In the article Metadata Normalization As an Indicator of Quality?, the author Mark E. Phillips analyzes the Digital Public Library of America’s metadata subject fields in order to provide insights into improving metadata records at their source. In particular, he is using the subject fields as an indicator of of the quality of a set of records via the use of OpenRefine, an online, open-source, data cleaning tool, formerly supported by Google.
Aside from his arguments regarding normalization, the article itself is a lesson in the dangers of relying too heavily upon one platform or software resource. In this case, the danger lies in a system becoming obsolete or simply disappearing all together. In the case of OpenRefine, Google support ended in 2012 and it now relies upon volunteers to manage and refine the current system. In addition, the website News page hasn’t been updated since Spring of 2016. Combined with the fact that the system relies heavily upon Java, this does not bode well for the longevity of the system as a useful tool in the future. (Security issues have increasingly plagued Java and many developers, especially in areas of database management, are moving away from the program.)
But back to his core argument – normalization as an indicator of quality. As someone who works with databases daily, I can say that yes, normalization is extremely important in being able to correctly access the information you require, and as such could be seen as a measure of quality – insofar as it is a measure of the amount of time and money spent on a system. But people are error-prone and by default, so are our systems.
Algorithms cannot catch every mistake, nor should we solely rely upon them to do so. In allowing ourselves to become dependent upon strict normalizations we lose ambiance, character, individualization, as well as contextual clues that are not so easily categorized and placed into tidy, neat, little boxes of definition. Normalization can facilitate discovery, but it should never be used as a crutch at the expense of human-cross-referencing skills.

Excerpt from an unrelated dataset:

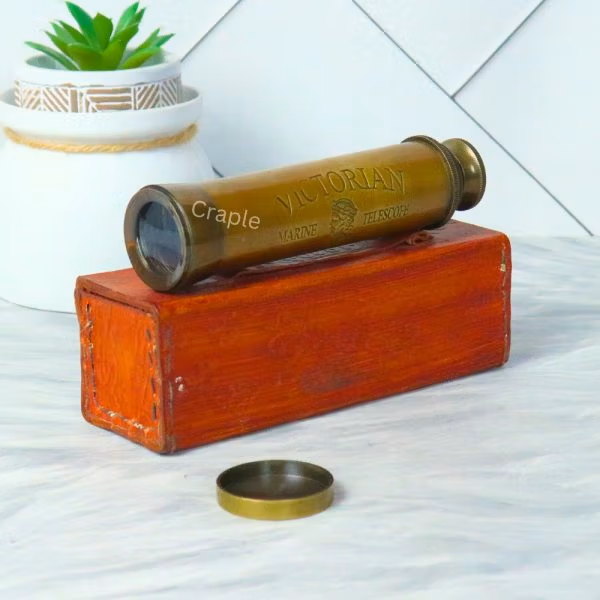 12" Handcrafted Victorian Telescope | Antique Brass, Extendable 3-Pipe, Achromatic Lens | Nautical Collectible & Decor Gift - Image 3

Normalization can also be used to hide or misdirect information as well. Therefore, while a system could be structurally “perfect” the level of real usability is still dependent upon the quality of information contained within and less upon the framework in which it resides. We can be mislead by the metadata contained within data repositories – therefore, quality should be judged more by the usefulness of a system rather than the particular web in which it resides.